Aim of the exercise ▸
Reproduce, exactly and in full, the lines from the one with "2011 BMW 3 Series - 328i xDrive Sedan 4D" through the one with "Amazing Seaview Lodge, Kabelvag" in the data below; drop pictures.

Supplied data ▸
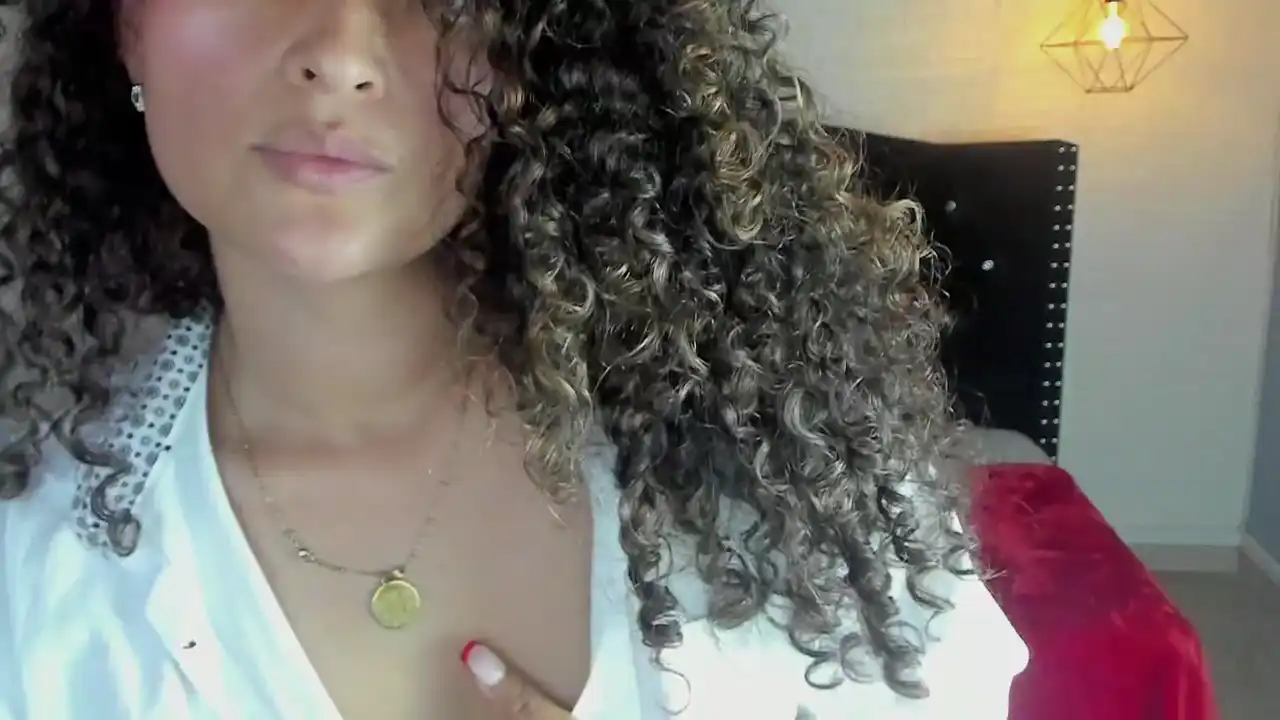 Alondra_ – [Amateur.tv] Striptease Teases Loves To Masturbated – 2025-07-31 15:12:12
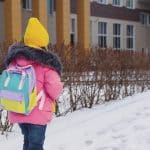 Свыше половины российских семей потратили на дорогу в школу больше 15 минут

---

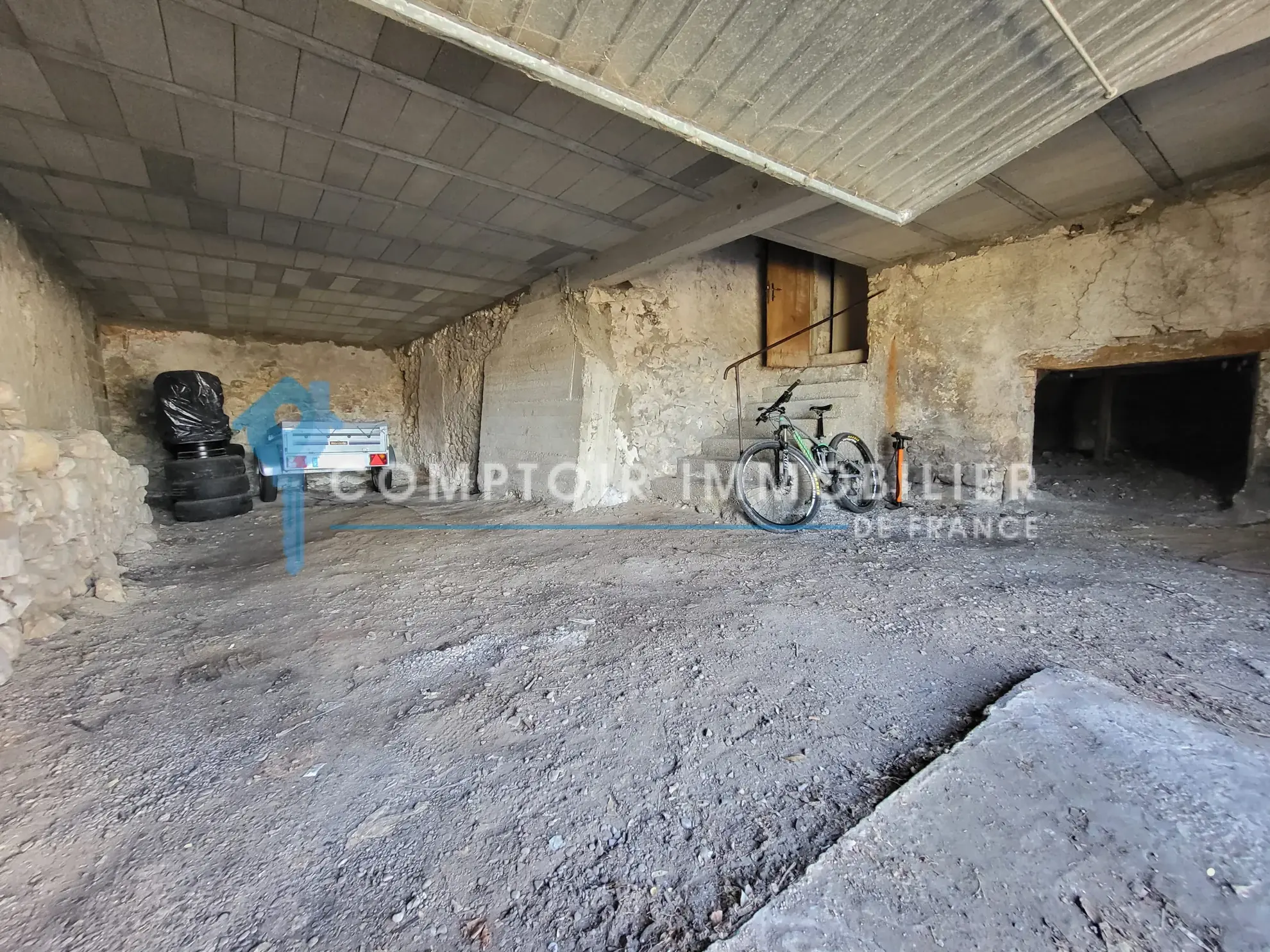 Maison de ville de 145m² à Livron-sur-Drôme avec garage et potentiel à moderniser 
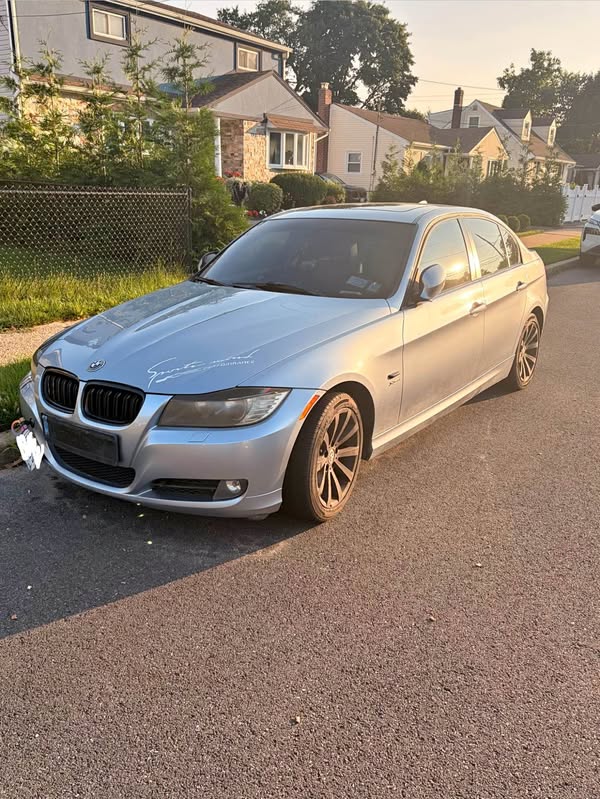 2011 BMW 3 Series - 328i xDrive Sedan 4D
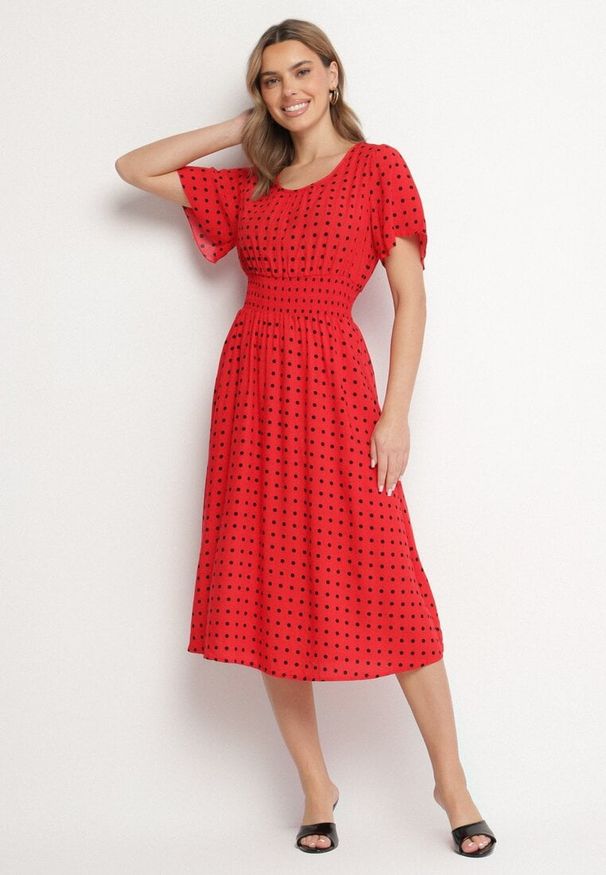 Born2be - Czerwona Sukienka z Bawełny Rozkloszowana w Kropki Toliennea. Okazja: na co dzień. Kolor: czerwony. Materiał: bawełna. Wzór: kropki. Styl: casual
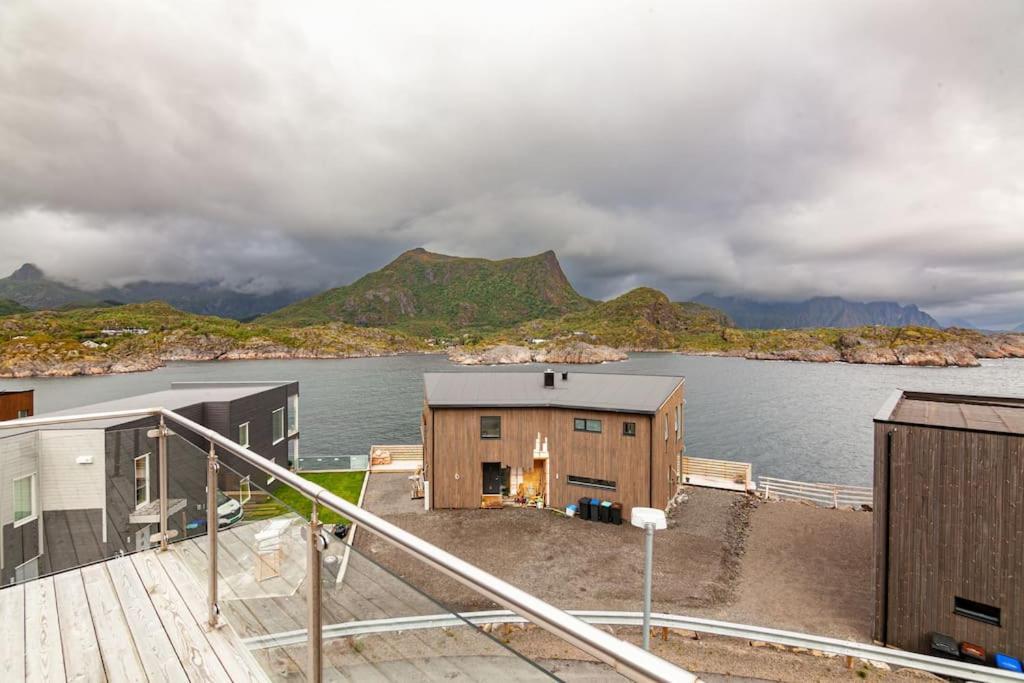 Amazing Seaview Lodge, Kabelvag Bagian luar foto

Written response ▸
 2011 BMW 3 Series - 328i xDrive Sedan 4D
 Born2be - Czerwona Sukienka z Bawełny Rozkloszowana w Kropki Toliennea. Okazja: na co dzień. Kolor: czerwony. Materiał: bawełna. Wzór: kropki. Styl: casual
 Amazing Seaview Lodge, Kabelvag Bagian luar foto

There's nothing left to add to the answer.